▶ **Task prompt**
Find every line below that contains the word "pour" and copy it out.
(Beginning of Task material)
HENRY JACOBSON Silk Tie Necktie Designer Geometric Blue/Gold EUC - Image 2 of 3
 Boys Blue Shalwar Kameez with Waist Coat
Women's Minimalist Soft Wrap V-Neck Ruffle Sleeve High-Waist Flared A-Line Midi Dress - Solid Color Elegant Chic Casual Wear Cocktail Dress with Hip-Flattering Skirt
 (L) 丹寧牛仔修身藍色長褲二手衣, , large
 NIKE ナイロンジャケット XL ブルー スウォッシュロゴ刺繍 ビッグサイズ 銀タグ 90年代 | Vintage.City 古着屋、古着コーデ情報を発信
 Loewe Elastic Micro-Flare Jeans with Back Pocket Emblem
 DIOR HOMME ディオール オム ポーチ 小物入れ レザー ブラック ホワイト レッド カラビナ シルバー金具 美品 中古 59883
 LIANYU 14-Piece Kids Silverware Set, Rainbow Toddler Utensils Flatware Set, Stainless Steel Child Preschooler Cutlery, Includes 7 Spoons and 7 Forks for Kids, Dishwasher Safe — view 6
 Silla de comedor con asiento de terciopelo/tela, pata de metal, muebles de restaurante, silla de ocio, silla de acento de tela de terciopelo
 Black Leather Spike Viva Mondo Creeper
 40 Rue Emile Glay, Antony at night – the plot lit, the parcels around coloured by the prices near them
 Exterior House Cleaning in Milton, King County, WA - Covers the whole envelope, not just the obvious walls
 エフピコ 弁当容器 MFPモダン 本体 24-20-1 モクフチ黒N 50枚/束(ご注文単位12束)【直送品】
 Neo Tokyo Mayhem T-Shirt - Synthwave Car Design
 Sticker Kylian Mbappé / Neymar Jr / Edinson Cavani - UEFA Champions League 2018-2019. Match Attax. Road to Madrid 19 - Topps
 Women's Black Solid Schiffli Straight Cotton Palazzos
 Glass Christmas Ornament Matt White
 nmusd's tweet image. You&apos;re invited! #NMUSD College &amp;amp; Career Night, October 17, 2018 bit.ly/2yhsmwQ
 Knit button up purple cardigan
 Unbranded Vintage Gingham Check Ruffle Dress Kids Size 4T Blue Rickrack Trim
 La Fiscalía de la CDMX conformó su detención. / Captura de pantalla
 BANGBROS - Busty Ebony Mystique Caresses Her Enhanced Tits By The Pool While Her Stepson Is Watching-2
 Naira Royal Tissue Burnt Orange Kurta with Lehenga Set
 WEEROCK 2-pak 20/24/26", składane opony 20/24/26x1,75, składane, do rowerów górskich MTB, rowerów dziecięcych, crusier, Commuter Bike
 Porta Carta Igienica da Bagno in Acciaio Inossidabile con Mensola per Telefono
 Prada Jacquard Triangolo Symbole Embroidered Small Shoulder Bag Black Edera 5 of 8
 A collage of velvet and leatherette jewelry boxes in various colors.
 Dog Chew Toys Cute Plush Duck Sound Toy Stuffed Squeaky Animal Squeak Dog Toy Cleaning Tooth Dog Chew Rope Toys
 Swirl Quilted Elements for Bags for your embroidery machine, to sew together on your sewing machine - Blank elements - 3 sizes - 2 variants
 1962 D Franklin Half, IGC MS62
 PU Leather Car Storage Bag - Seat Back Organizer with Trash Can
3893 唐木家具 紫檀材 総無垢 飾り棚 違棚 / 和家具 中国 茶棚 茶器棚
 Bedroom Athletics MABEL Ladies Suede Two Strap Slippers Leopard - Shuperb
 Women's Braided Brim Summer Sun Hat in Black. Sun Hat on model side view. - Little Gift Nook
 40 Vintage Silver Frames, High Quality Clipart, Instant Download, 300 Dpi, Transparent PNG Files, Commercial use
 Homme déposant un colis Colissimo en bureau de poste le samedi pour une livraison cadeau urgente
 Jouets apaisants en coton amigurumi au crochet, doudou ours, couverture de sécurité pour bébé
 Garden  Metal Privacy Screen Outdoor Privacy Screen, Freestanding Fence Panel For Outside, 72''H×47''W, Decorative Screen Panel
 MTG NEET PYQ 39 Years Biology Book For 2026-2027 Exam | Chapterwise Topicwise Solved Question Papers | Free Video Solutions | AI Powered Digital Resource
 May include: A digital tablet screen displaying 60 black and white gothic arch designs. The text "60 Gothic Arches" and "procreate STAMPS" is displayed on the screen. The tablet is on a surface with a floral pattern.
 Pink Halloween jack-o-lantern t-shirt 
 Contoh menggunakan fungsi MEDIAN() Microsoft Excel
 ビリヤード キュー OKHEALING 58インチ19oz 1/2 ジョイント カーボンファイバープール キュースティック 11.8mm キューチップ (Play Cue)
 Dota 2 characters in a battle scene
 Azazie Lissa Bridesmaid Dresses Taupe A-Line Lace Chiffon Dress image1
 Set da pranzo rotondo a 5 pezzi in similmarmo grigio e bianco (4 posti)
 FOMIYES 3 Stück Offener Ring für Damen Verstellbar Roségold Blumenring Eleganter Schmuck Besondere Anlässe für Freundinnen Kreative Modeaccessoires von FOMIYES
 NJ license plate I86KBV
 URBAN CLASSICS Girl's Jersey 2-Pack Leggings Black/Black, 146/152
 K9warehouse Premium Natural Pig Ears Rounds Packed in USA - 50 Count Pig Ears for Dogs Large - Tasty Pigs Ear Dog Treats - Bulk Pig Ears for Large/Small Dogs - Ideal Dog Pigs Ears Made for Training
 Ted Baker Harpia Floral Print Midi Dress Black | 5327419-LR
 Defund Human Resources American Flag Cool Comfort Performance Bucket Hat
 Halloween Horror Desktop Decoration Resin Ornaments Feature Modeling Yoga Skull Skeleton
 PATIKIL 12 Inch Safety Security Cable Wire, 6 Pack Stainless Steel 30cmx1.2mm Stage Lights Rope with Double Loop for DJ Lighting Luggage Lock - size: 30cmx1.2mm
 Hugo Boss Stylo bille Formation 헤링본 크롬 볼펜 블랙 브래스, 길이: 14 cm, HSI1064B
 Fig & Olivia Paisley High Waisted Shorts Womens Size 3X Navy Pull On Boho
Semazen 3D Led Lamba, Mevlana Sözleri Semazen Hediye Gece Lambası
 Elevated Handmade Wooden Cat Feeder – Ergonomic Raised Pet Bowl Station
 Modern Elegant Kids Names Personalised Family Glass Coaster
(End of Task material)
▶ **Solution**
 Homme déposant un colis Colissimo en bureau de poste le samedi pour une livraison cadeau urgente
 Jouets apaisants en coton amigurumi au crochet, doudou ours, couverture de sécurité pour bébé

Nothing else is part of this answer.